BEGIN GIVEN ENTRIES

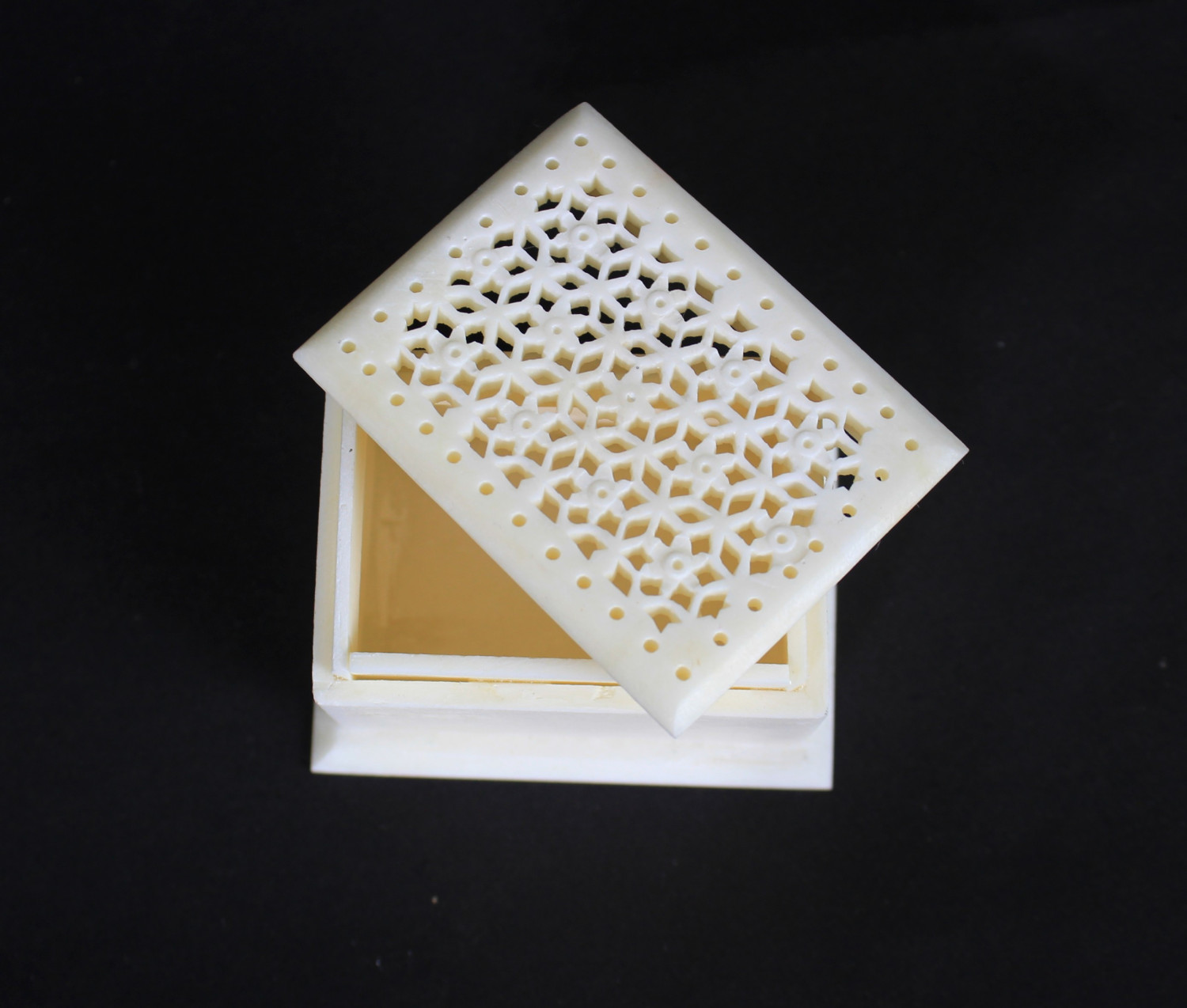 Bone Jali Box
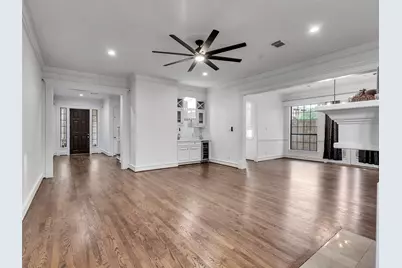 2525 Nantucket Drive #8, Houston, TX 77057 - Photo 5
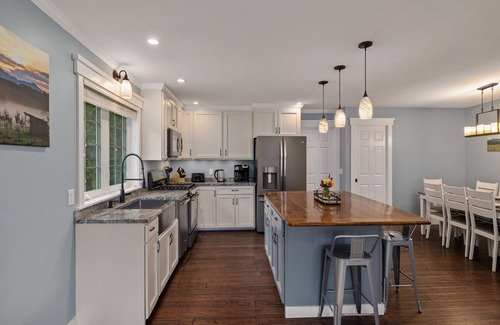 Jeffersonville House | Mountain home with theater space, game room & gym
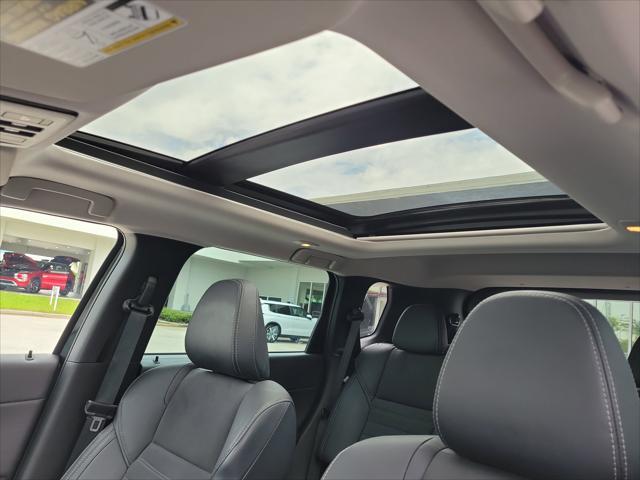 used 2023 Mitsubishi Outlander PHEV car, priced at $27,488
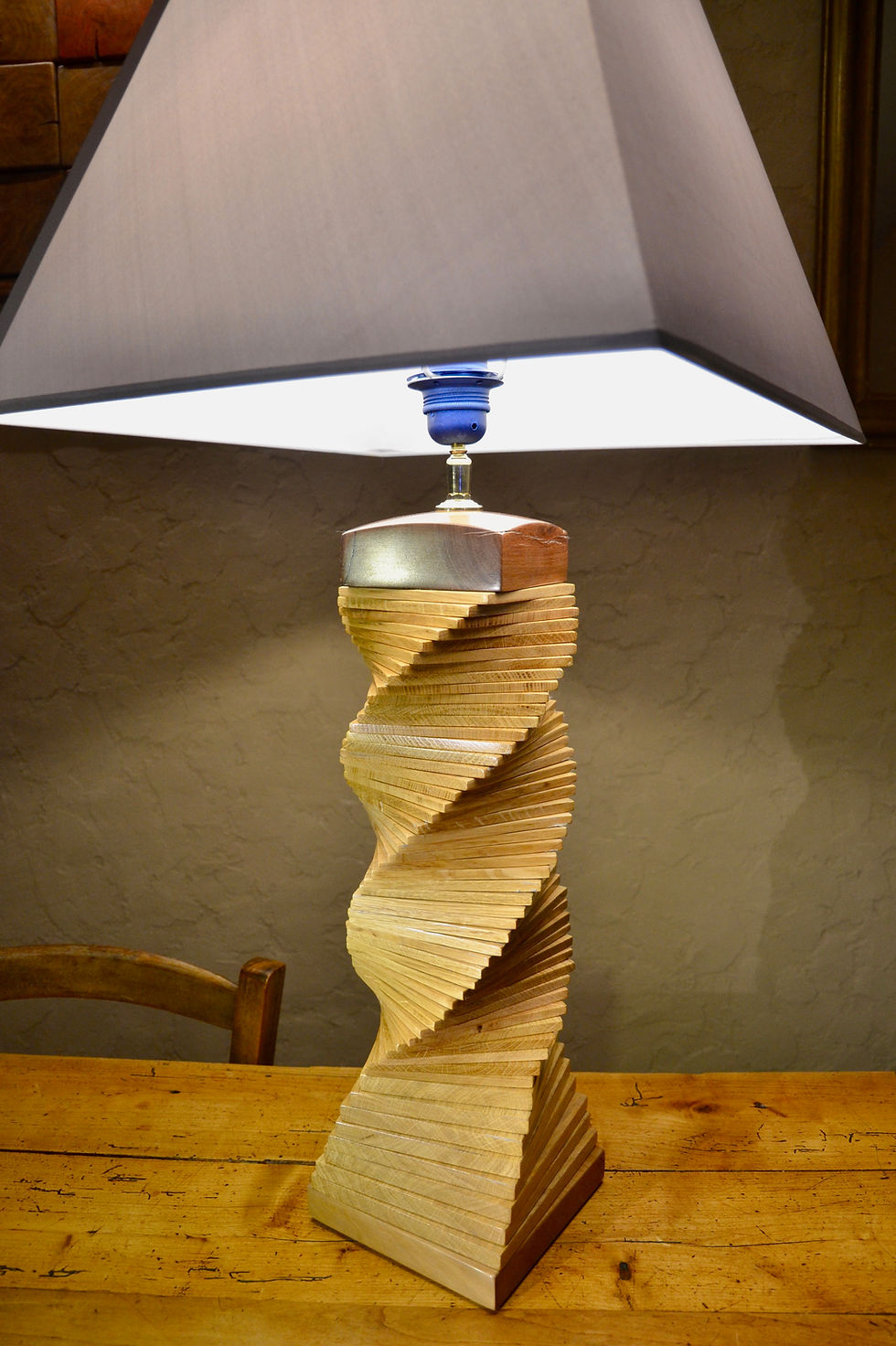 Thumbnail: Pied de lampe. Chêne torsade. N°330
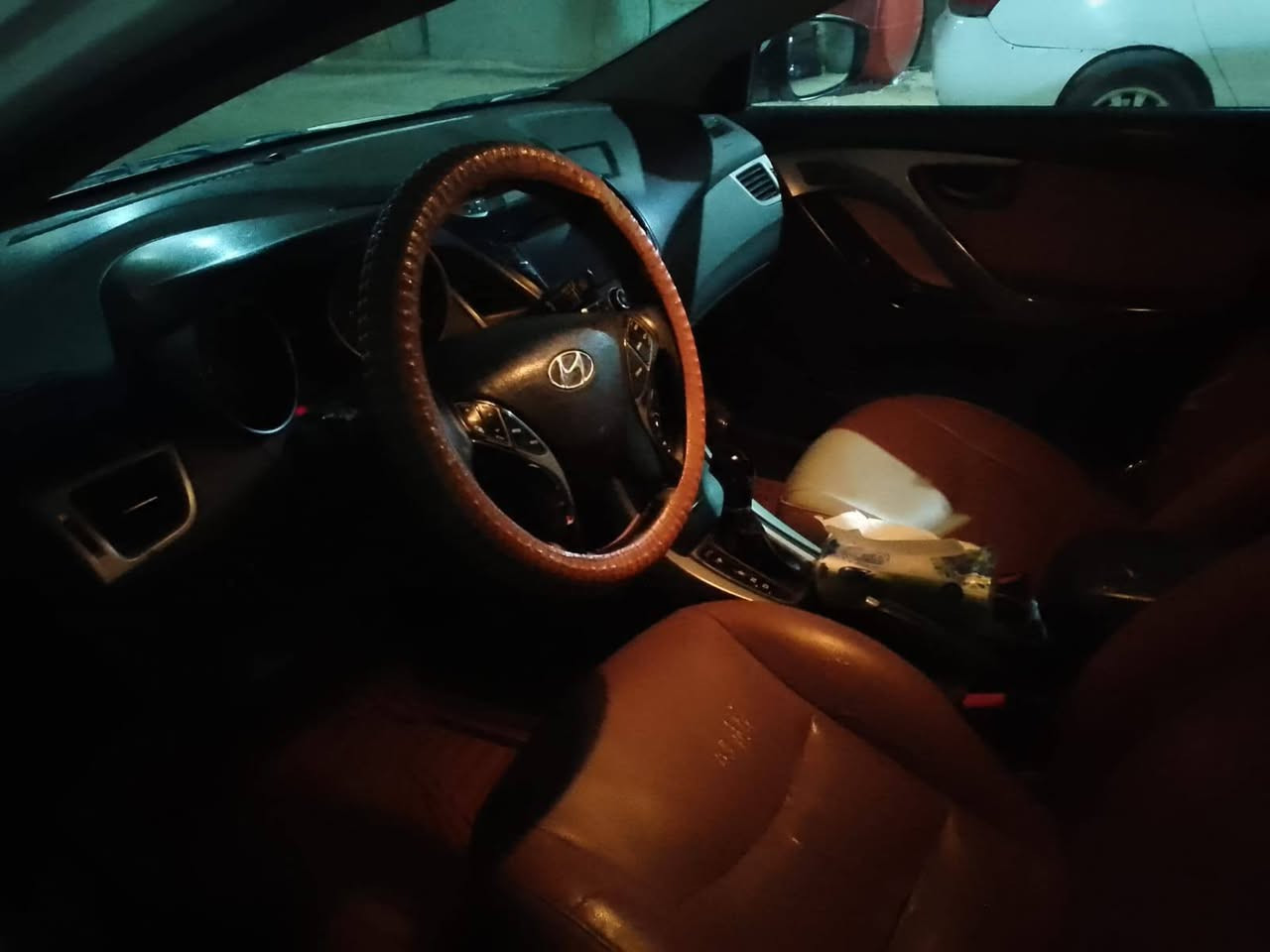 السلام عليكم مكلف بالنشر النترا 2014 فول واحد على واحد تبديل ما بيها بيها صبغاته السياره موجوده بالنجف شنو هذا رقم صاحب السياره *********** السعر 125
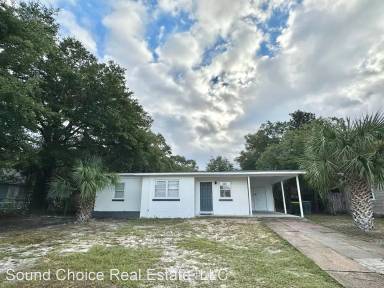 Main picture of 113 Robinwood Dr SW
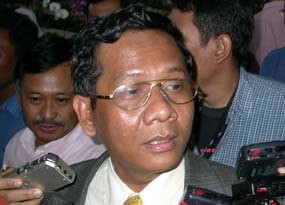 Mahfud: Bila Ada Unsur Kriminal, Century Bisa Berujung Impeachment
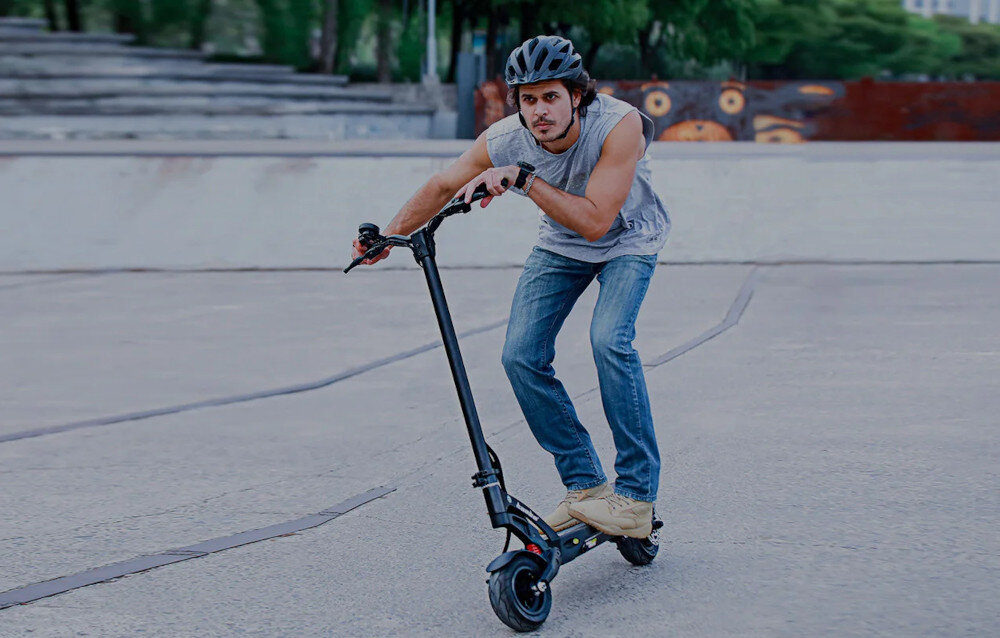 Hulajnoga elektryczna KAABO Mantis 8 Plus Niebieski dwa silniki moc 2 x 800 W predkosc od 20 km/h pokonywanie wzniesien o nachyleniu terenu do 25 stopni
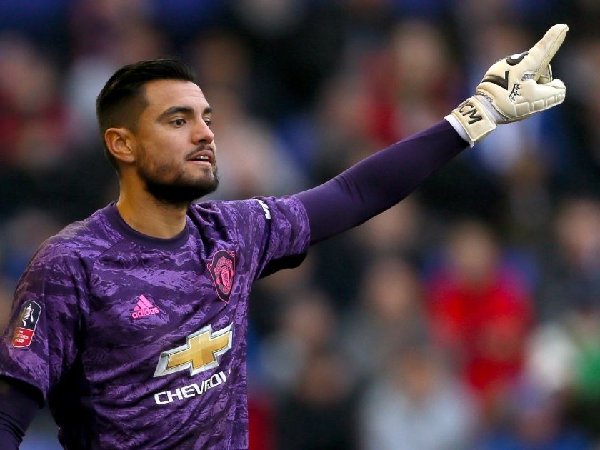 Everton incar mantan kiper MU, Sergio Romero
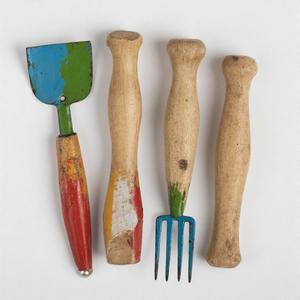 Élégant cultivateur à main en fer avec finition de surface patinée design artisanal créé pour la décoration de jardin saisonnier rustique - Product Image 4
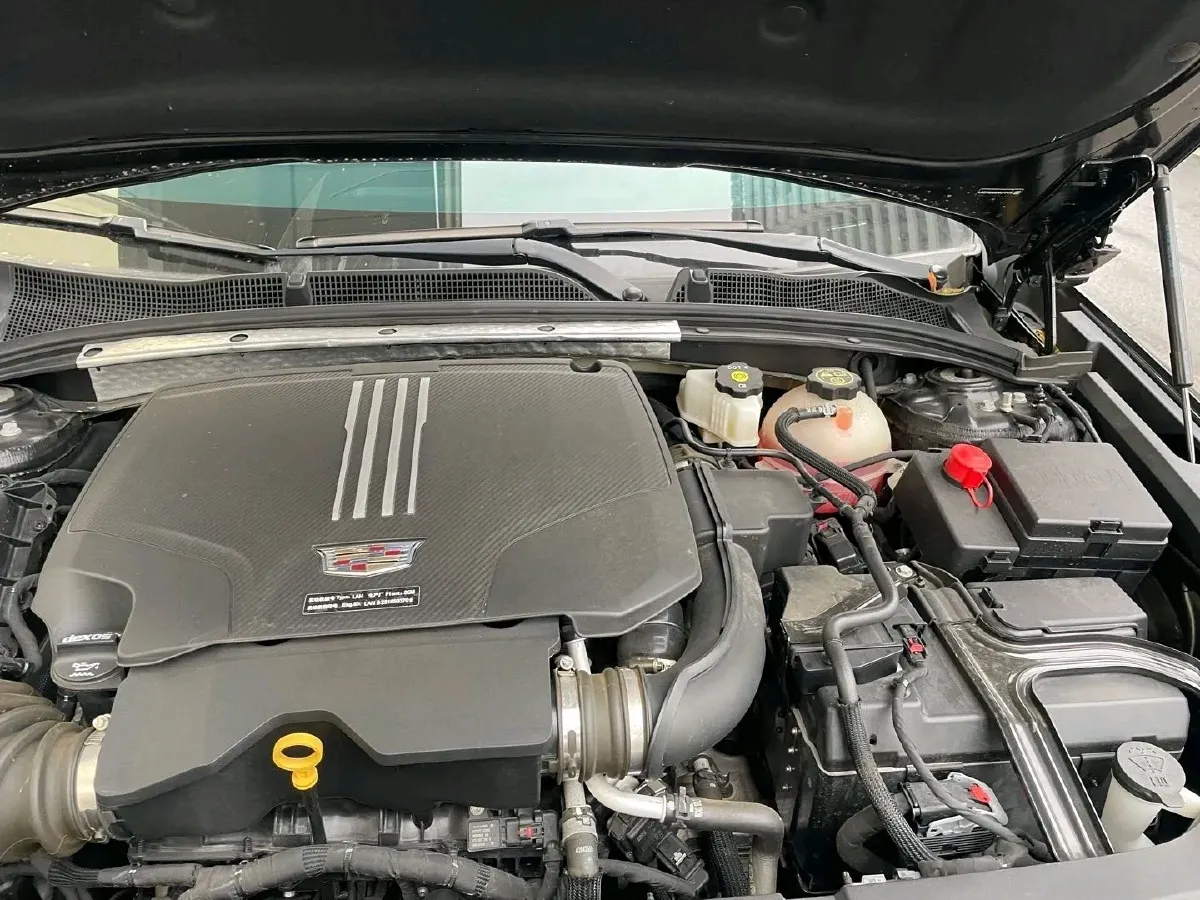 2023 Cadillac GT4 1.5T 211HP L4 9AT,autocango,china used car exporter,china ev exporter,chinese used car exporter,chinese used ev exporter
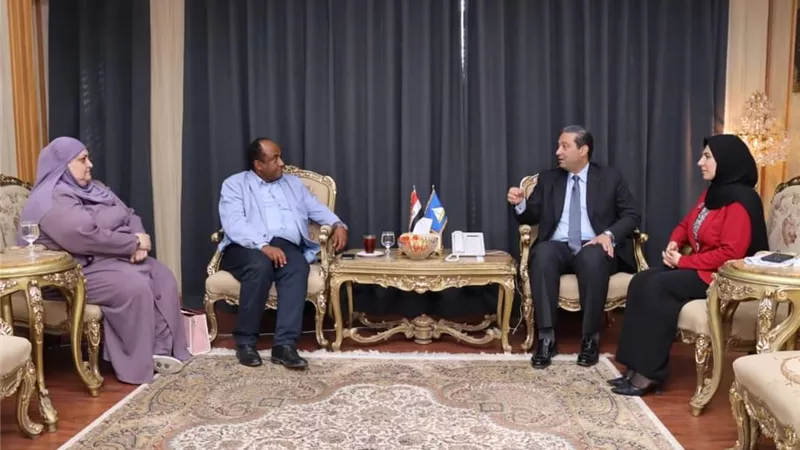 محافظ دمياط يناقش مع نائب وزير الصحة الإنتهاء من قوائم الإنتظار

END GIVEN ENTRIES

» **WORK REQUEST**
The range to copy runs from the line with "Hulajnoga elektryczna KAABO" to the last line of the entries, both included; copy it exactly and leave out the pictures.

» **FINISHED EXERCISE**
 Hulajnoga elektryczna KAABO Mantis 8 Plus Niebieski dwa silniki moc 2 x 800 W predkosc od 20 km/h pokonywanie wzniesien o nachyleniu terenu do 25 stopni
 Everton incar mantan kiper MU, Sergio Romero
 Élégant cultivateur à main en fer avec finition de surface patinée design artisanal créé pour la décoration de jardin saisonnier rustique - Product Image 4
 2023 Cadillac GT4 1.5T 211HP L4 9AT,autocango,china used car exporter,china ev exporter,chinese used car exporter,chinese used ev exporter
 محافظ دمياط يناقش مع نائب وزير الصحة الإنتهاء من قوائم الإنتظار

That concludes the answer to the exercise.